After the civil war, clan-based governance was reintroduced as a temporary solution to prevent renewed violence. I was told, as many were, that this was the only realistic option. What is rarely acknowledged is that clan polarization was one of the forces that drove the war in the first place. Rebuilding the state on those same structures did not heal divisions. It made them structural. What was meant to be transitional quietly became permanent.
As a political scientist and as a member of the Somali diaspora, I have learned to read Somalia’s crisis differently. The problem is not the absence of institutions, elections, or formal rules. It is the presence of a political order designed to diffuse responsibility and protect power from accountability. Authority is fragmented by design, making failure consequence-free.
For ordinary people, this system produces insecurity and uncertainty. For political elites, it offers predictability. Informality is not a flaw. It is how the system functions. Power flows through clans, intermediaries, and opaque agreements that ensure no one governs fully and no one can be held responsible.
This logic has reshaped both religious and traditional authority. Religious actors have entered politics through alliances with clan-based power structures rather than democratic legitimacy. Traditional leaders, once positioned outside the state, now act as political gatekeepers. Elders often determine parliamentary representation through closed processes where loyalty and financial incentives matter more than public accountability. Representation moves upward through power brokers, not outward toward citizens.

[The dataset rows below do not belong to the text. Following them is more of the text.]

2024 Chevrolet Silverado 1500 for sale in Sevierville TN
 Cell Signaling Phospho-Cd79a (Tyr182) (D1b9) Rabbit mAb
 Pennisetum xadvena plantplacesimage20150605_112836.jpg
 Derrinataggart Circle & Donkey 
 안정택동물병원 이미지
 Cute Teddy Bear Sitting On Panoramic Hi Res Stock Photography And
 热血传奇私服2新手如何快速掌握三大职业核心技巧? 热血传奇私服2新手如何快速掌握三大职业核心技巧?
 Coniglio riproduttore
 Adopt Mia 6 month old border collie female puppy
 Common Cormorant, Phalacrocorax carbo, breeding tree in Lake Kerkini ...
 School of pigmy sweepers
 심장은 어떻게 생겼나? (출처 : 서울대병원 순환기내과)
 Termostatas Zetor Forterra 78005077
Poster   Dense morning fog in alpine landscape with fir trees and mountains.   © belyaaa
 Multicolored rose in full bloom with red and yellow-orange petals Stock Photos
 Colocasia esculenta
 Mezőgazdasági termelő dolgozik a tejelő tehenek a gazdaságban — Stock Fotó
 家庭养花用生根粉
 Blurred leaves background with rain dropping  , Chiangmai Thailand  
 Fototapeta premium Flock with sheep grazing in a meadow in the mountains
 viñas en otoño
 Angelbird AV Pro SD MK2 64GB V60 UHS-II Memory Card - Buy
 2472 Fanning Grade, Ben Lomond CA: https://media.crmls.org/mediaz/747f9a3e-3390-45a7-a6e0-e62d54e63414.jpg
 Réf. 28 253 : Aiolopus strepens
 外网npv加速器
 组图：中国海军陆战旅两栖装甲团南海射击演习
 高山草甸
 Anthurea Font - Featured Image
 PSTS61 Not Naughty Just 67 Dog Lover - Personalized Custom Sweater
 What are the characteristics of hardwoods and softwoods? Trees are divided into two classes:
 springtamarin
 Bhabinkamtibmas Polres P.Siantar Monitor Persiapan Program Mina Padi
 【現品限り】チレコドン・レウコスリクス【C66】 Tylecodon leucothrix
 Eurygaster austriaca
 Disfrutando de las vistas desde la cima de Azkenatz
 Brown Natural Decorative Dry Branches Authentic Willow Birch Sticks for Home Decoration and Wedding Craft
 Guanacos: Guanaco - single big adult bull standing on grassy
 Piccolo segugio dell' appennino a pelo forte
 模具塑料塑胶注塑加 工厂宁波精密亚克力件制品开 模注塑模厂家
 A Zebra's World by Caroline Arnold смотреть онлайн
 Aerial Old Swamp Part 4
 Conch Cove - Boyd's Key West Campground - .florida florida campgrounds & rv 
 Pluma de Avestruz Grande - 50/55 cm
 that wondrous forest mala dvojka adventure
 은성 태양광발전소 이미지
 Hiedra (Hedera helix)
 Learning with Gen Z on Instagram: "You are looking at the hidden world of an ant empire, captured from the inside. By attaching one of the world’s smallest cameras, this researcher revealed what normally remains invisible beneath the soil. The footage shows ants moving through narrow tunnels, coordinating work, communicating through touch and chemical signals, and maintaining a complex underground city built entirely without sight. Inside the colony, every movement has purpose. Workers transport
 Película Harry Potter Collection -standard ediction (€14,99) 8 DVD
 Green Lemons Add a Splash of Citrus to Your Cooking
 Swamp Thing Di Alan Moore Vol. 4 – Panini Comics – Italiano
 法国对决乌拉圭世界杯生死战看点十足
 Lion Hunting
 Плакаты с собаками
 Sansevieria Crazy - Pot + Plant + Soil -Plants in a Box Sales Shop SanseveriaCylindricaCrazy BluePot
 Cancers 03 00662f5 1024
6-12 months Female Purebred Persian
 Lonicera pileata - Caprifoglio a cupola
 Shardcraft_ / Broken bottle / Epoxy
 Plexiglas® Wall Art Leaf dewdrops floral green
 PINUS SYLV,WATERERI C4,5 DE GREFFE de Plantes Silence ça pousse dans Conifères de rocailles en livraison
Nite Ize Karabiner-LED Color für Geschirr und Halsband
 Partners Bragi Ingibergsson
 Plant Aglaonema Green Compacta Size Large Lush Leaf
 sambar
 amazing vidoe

International actors have adapted to this arrangement and continue to sustain it. Stability is prioritized over transformation, procedure over substance. Elections are organized, agreements are signed, and institutions are funded, while the underlying structure of power remains unchanged. Aid, salary support, and budget financing keep the system running without demanding accountability. Governance becomes performance, while justice, trust, and long-term development are postponed.
Somalia is not trapped because change is impossible. It is trapped because the current system works for those who benefit from it. Transformation will not come from new faces within the same structure or from recycled promises. It requires abandoning the belief that Somalia can be governed through the arrangements that once destroyed it.
This is not pessimism. It is realism. Naming this reality is not an act of disloyalty. It is an act of responsibility. Somalia’s future will not be shaped by the number of institutions it creates, but by whether it is willing to replace a political order built on fragmentation with one grounded in accountability, dignity, and public service.